26/12/2025
What were the lessons life provided to you this year?
A year doesn’t teach us facts about ourselves, but time reveals our patterns, if we're willing to ask the questions, and are open to listening. Yoga gently redirects this inquiry inward, away from judging of others, and toward self-study. And self-awareness is the only place from which changes are possible.
Here are a few ways to approach this year end reflection:
- By examining the fluctuations of the mind. This year might have shown more clearly how the mind moves under pressure, uncertainty, love, or loss. Not who or what caused the reactions, but how quickly we grasp, resist, narrate, or soften.
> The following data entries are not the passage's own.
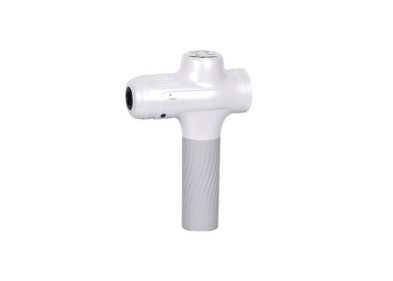 ماساژور تفنگی Zenithmed مدل Z1
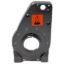 Picture of Warn Winch Drum Support - 27352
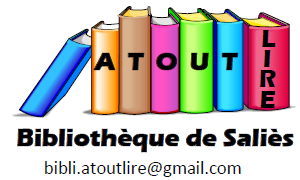 AtoutLire_logo2019.png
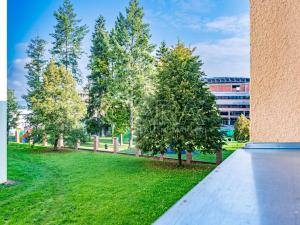 Prodej bytu 3+kk, Hořovice, Na Okraji, 58 m2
We can’t stop the waves of the mind, but we can see them as waves, rather than the ocean itself. The further down we dive, away from the waves, the calmer the ocean becomes.
- By examining the need to control timing, outcomes, relationships, even versions of ourselves. Rather than blaming circumstances, others or ourselves, yoga invites us to loosen the grip on the outcome, allowing life to happen through us. No situation or emotion is final.
- By examining the difference between effort and forcing. On the mat, as well as in life, yoga invites us to pay attention to this fine line, with our body, breath, nervous system, to consider if the effort we're applying is still nourishing, or if discipline has become self-harm disguised as virtue.
- By examining the capacity to stay present with discomfort, instead of fleeing, always needing to fix, or hardening at the edges. This is resilience, the quiet strength, the ability to remain grounded without collapsing, and without armoring or raising walls around the heart.
This year's experiences happened, emotions rose and fell, roles shifted. How did you show up for all these, what were your patterns? Stop to ask the questions, pay attention and discover your reality. Start here, now.
“The quieter you become, the more you can hear.”